This kid is a joke. Stop dreaming, no one believes you till you post pics.


----------



## MONGO  (Feb 7, 2006)

dont lock this thread delete it


----------



## nerfday96 (Aug 11, 2006)

your gonna need a forklift to lift that bitch, but it's gonna be cool as sh*t


----------



## bob351 (Oct 23, 2005)

fake until pics damm i thought this was gunna be sweet as hell


----------



## Slim (Jan 9, 2005)

I was thinking about buying a 5000000 gallon tank this from the local elementary school, they sayed they were done swimming in it. Than I was gonna put it in my basement and make a hot tub out of it all for the low low price of 40.00$. Anyone wanna join me in my soon to be new hottub I dont have pics for yet.







Yay buddy


----------



## DepH (Jan 11, 2005)

This guy is just a stupid f*ck, imo.

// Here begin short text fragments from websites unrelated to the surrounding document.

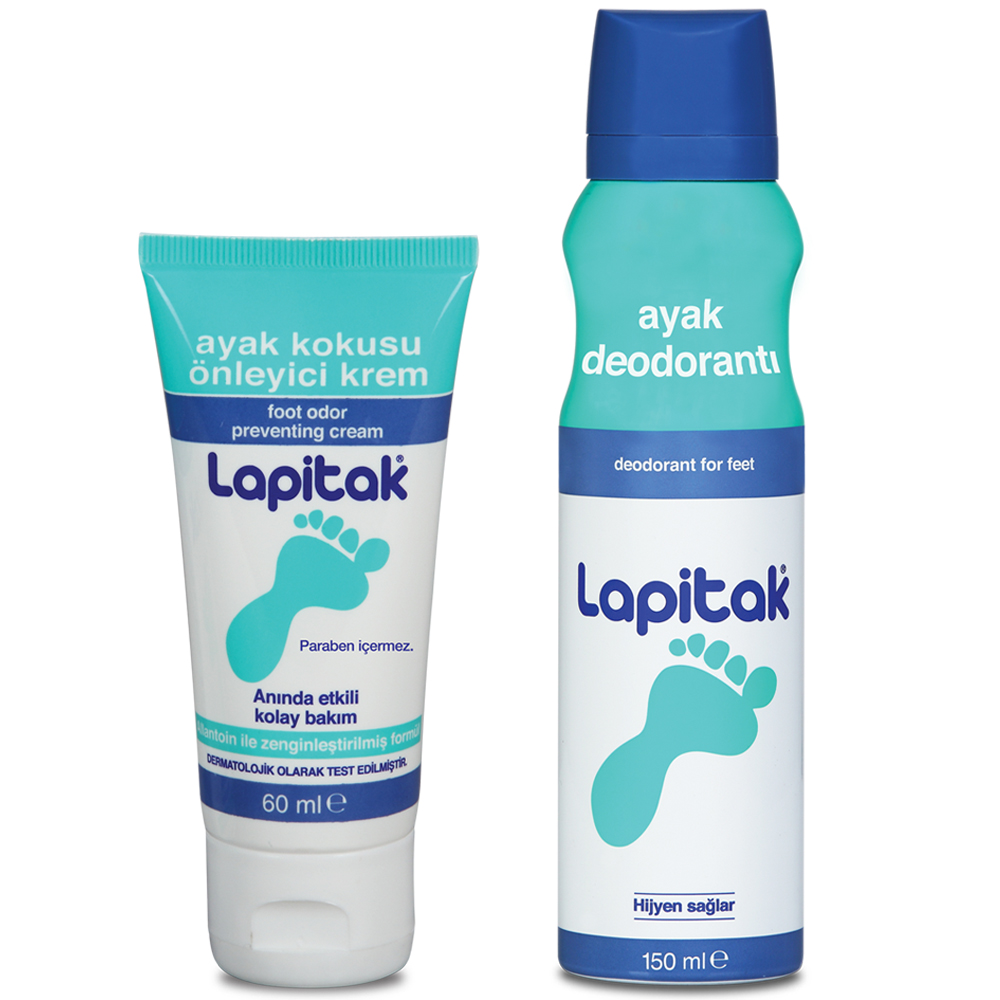 Lapitak Ayak Kokusu Önleyici Krem 60 ml +Ayak Deodorantı 150 ml Set
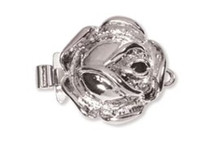 Rose Clasp, 1-strand, 22x14mm, silver plate (each)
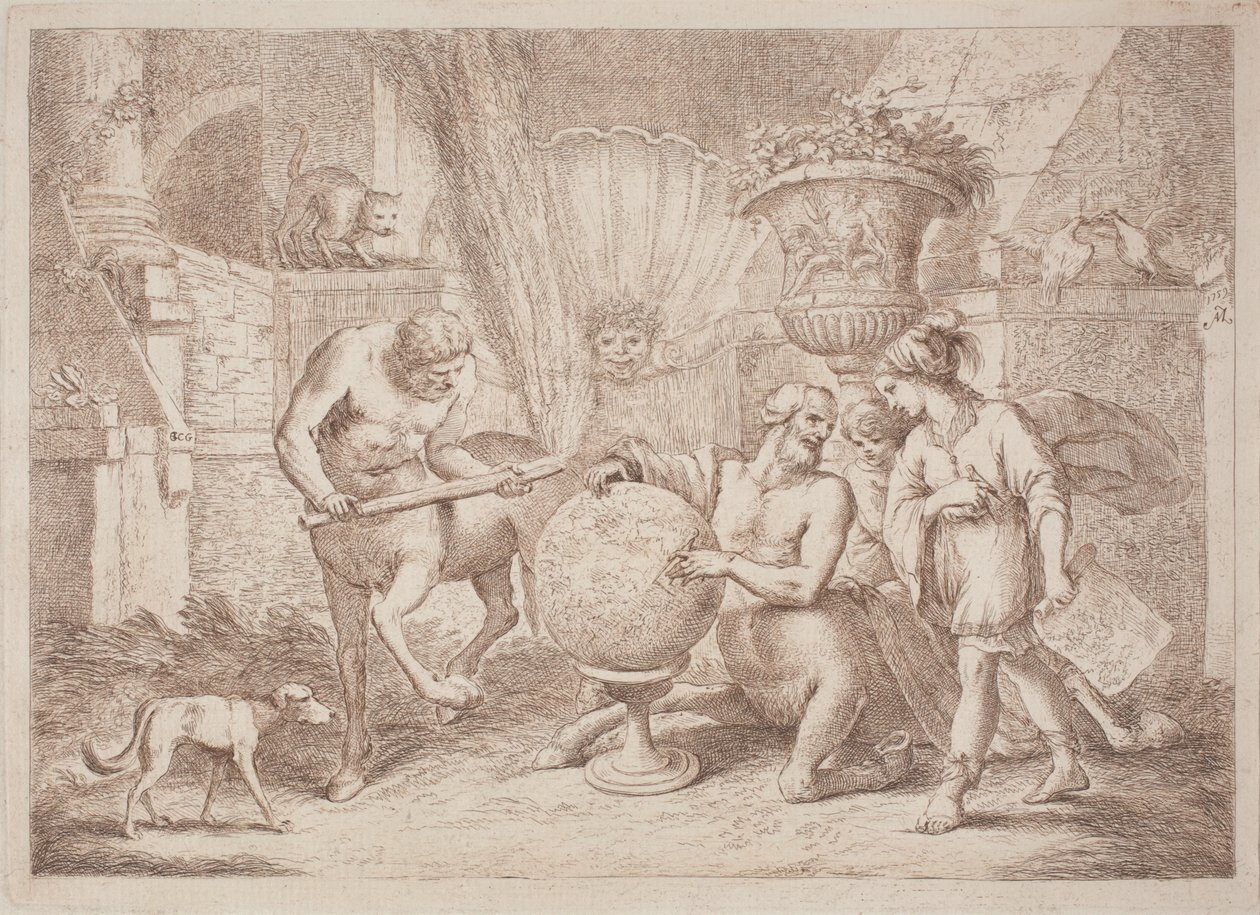 Chiron opettaa maantiedettä Akhilleukselle tekijältä after Giovanni Benedetto Castiglione Gaetano Zompini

Just look at his previous topics regarding fish...


----------



## BlackSunshine (Mar 28, 2006)

DepH said:


> This guy is just a stupid f*ck, imo. Just look at his previous topics regarding fish...


Anyone that uses smileys that much deserves to be shot.

And most famous quote.
"man it (F) up"

this dude is post whorin.


----------



## acestro (Jul 7, 2003)

I'm guessing we're talking about a 20.00 gallon tank?


----------



## BlackSunshine (Mar 28, 2006)

Speaking of smileys. ^ that one is my fav.


----------



## Trigga (Jul 1, 2006)

k if your not lieing (which i doubt) try a couple rhoms in there.


----------



## NeXuS (Aug 16, 2006)

if ur not leing get like 200 caribe or so idk


----------



## rocker (Aug 12, 2005)

nachos?


----------